# Halloween at MAC...



## MACGoddess (Nov 1, 2006)

Here is my Halloween work  FOTD... 

I painted this on with my 211 brush and pigments used wet. The only part that is e/s is the brown on and around my eye lid. I made the "seeds" with Liquidlast Liner. I am wearing top and bottom lashes, and yes I have 2 sets of lashes on the top lashline...funny story...

I put #2 lashes on the top but they weren't thick enough and noticeable enough...so I put on a set of #6 lashes on top of the #2s bc I didn't want to have to take them off and redo the liner... I know, I am super lazy!

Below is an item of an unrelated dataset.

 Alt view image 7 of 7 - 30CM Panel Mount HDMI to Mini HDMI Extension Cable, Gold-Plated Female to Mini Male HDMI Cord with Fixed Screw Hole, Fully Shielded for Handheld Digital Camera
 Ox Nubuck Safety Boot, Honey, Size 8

http://i14.photobucket.com/albums/a3...s/CIMG7636.jpg

http://i14.photobucket.com/albums/a3...s/CIMG7635.jpg


----------



## hyperRealGurl (Nov 1, 2006)

lovely flower...... looks great


----------



## saritalaa (Nov 1, 2006)

i love how you did the texture of the middle of the flower


----------



## tablet (Nov 1, 2006)

What is the lipstick/gloss you are wearing?? And how did you make the petals so stunningly shimmery!?!?

You look DIVINE!!!!


----------



## MACGoddess (Nov 1, 2006)

Quote:

   Originally Posted by *saritalaa* 

 
_i love how you did the texture of the middle of the flower_

 
Thanks!  It is Liquidlast Liner!  It was wayyy easier than I was thinking too...


----------



## MACGoddess (Nov 1, 2006)

Quote:

   Originally Posted by *tablet* 

 
_What is the lipstick/gloss you are wearing?? And how did you make the petals so stunningly shimmery!?!?

You look DIVINE!!!! 
	

	
	
		
		

		
		
	


	


_

 
I am wearing Jest Lipstick with I THINK Chicory Liner.  The petals are basically just wet Pigment so they get SHINY when wet!!  Try it out sometime!


----------



## Miss Pumpkin (Nov 1, 2006)

*wants to work at MAC* 
	

	
	
		
		

		
		
	


	




You look amazing and so happy!


----------



## kattpl (Nov 1, 2006)

LOVE IT!!!!!

Kath


----------



## mzreyes (Nov 1, 2006)

very pretty and your brows are perfect


----------



## n_c (Nov 1, 2006)

You look great...that lip color looks good on you


----------



## ~LadyLocks~ (Nov 1, 2006)

that's fricken amazing!! I loovvee it!!


----------



## MacVirgin (Nov 1, 2006)

that's so cute


----------



## Bootyliciousx (Nov 1, 2006)

Gorgeous


----------



## here_is_gone_88 (Nov 1, 2006)

Beautiful! Very creative.


----------



## caffn8me (Nov 1, 2006)

Lovely work!  Thanks


----------



## *Luna* (Nov 1, 2006)

That is sooo beautiful! I can't draw a sunflower on paper, let alone one across my face. It looks great!!!


----------



## erica_1020 (Nov 1, 2006)

Wow how awesome you look great!


----------



## MACGoddess (Nov 2, 2006)

Thanks everyone!  Thankfully it turned out well, and I didn't put a base under the wet pigments and they still stayed perfect on my semi-oily skin all day!


----------



## Pink Lady (Nov 2, 2006)

Excellent job 
	

	
	
		
		

		
		
	


	




 It looks really nice.


----------



## noteventherain (Nov 3, 2006)

this is so pretty!  Isn't it difficult (aka annoying and time-consuming lol) to set one pair of lashes on top of another?


----------



## MACGoddess (Nov 3, 2006)

Quote:

   Originally Posted by *noteventherain* 

 
_this is so pretty!  Isn't it difficult (aka annoying and time-consuming lol) to set one pair of lashes on top of another?_

 
Actually no...  I just put it over the others the same way that I would put a pair over my own lashes.  It took about 2 min for the whole thing, it is more annoying when 2 pairs are on bc your eyelid FEELS really heavy.


----------



## KJam (Nov 5, 2006)

Gorgeous!


----------



## Juneplum (Nov 5, 2006)

frickin kick ass! that's awesome 
	

	
	
		
		

		
			





 ur so pretty


----------



## Dawn (Oct 30, 2018)

Digging up some old Halloween FOTD's.


----------